At Google Cloud Next 25, Cloud has announced Ironwood, its seventh-generation Tensor Processing Unit (TPU), designed to be the company’s most powerful, scalable and energy-efficient custom AI accelerator to date. Notably, Ironwood is the first TPU specifically optimised for inference – the process where a trained model uses its learned knowledge to make predictions or draw conclusions from new, unseen data.
Google says that Ironwood represents an evolution, built to meet the evolving needs of generative AI and the increasing importance of inference in AI applications.
This involves AI agents that retrieve and generate data to deliver collaborative insights and answers, rather than just raw data.

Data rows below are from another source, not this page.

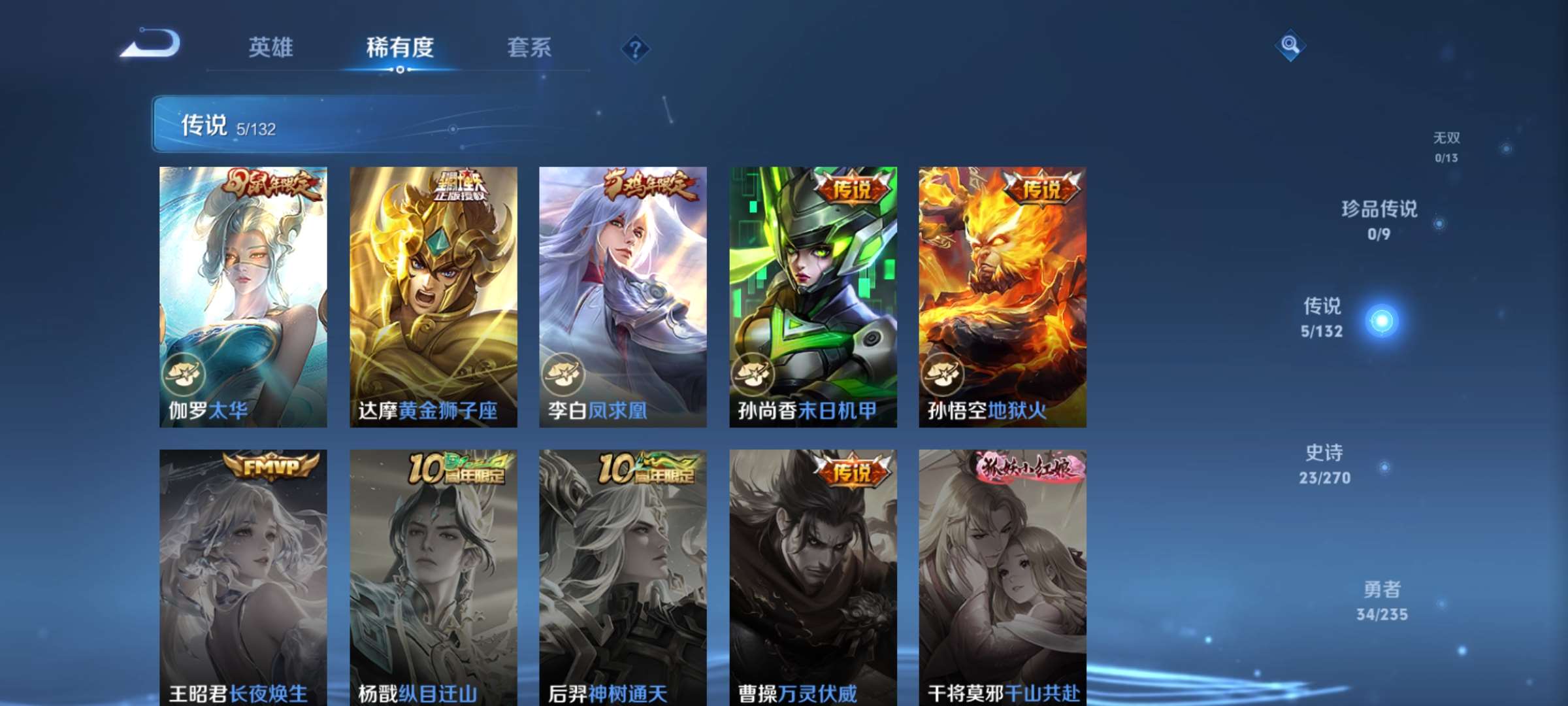 WZCMW4145138王者荣耀账号详情图5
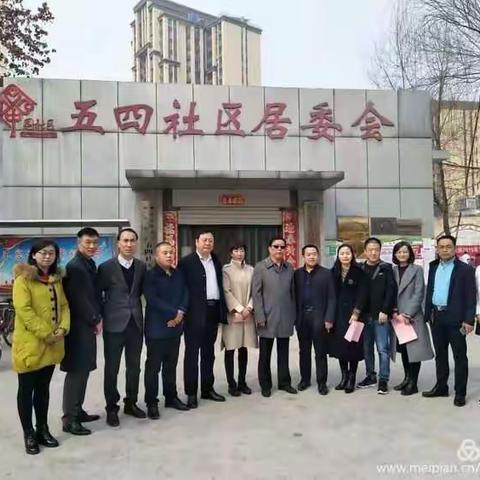 区政协主席张建波到团结街道五四社区调研社区建设工作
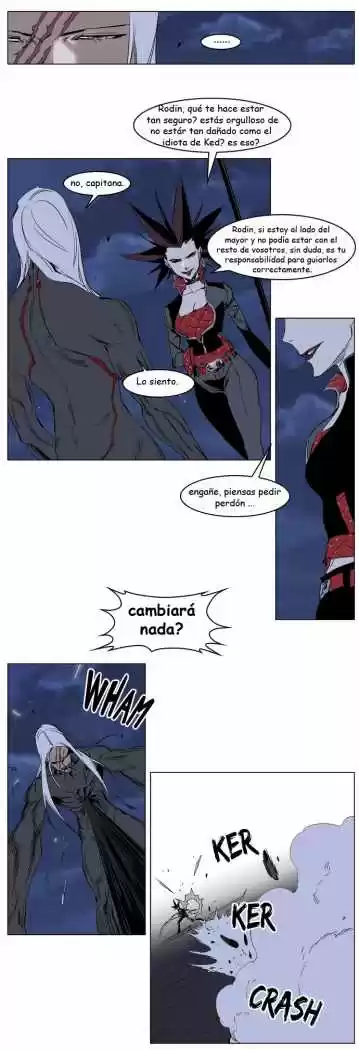 Noblesse (2007) - Capítulo 230 - Página 8 - LectorTMOo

Google says that Ironwood is specifically designed to handle the computational and communication demands of the inference era.

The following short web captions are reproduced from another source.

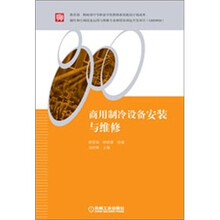 商用制冷设备安装与维修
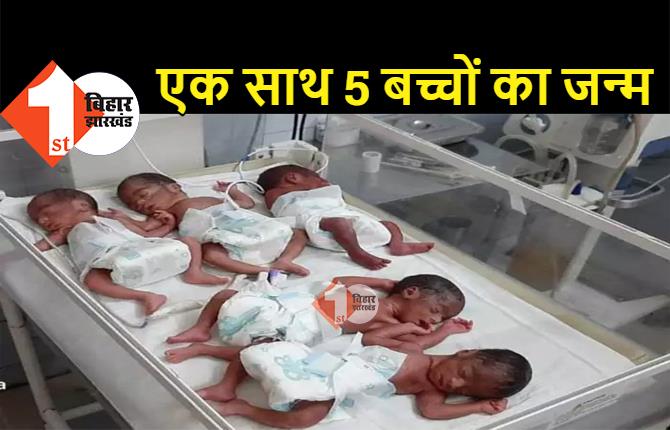 बिहार : महिला ने एक साथ 5 बच्चों को दिया जन्म, सभी स्वस्थ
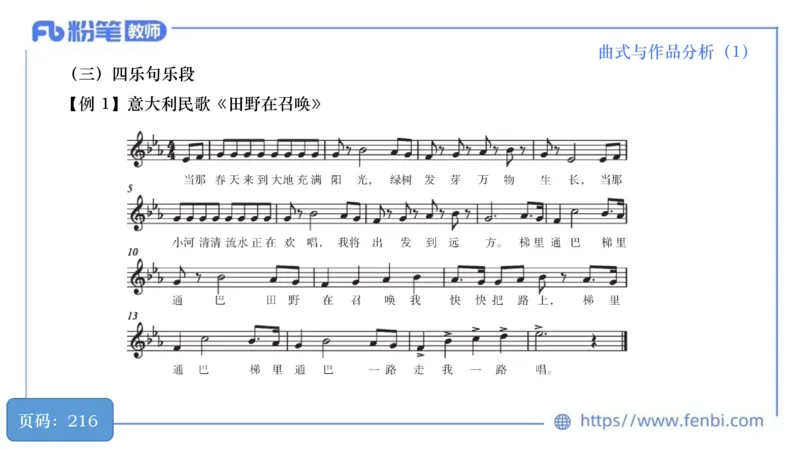 6.20晚-理论精讲-作曲理论4-王齐悦_4-教培资料-26年最新资料-同步更新_科一科二电子资料合集中小幼（笔记真题知识点汇总等）文件多，按需保存_各机构笔记合集（中小幼）推荐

Ironwood a key component of Google Cloud's AI Hypercomputer architecture
Google notes that the architecture of Ironwood is built for scale, supporting up to 9,216 liquid-cooled chips interconnected with a high-speed Inter-Chip Interconnect (ICI) network, spanning nearly 10 MW. Ironwood is a key component of Google Cloud's AI Hypercomputer architecture, which optimises hardware and software for AI workloads.
Developers can leverage Google's Pathways software stack to effectively harness the combined processing power of tens of thousands of Ironwood TPUs.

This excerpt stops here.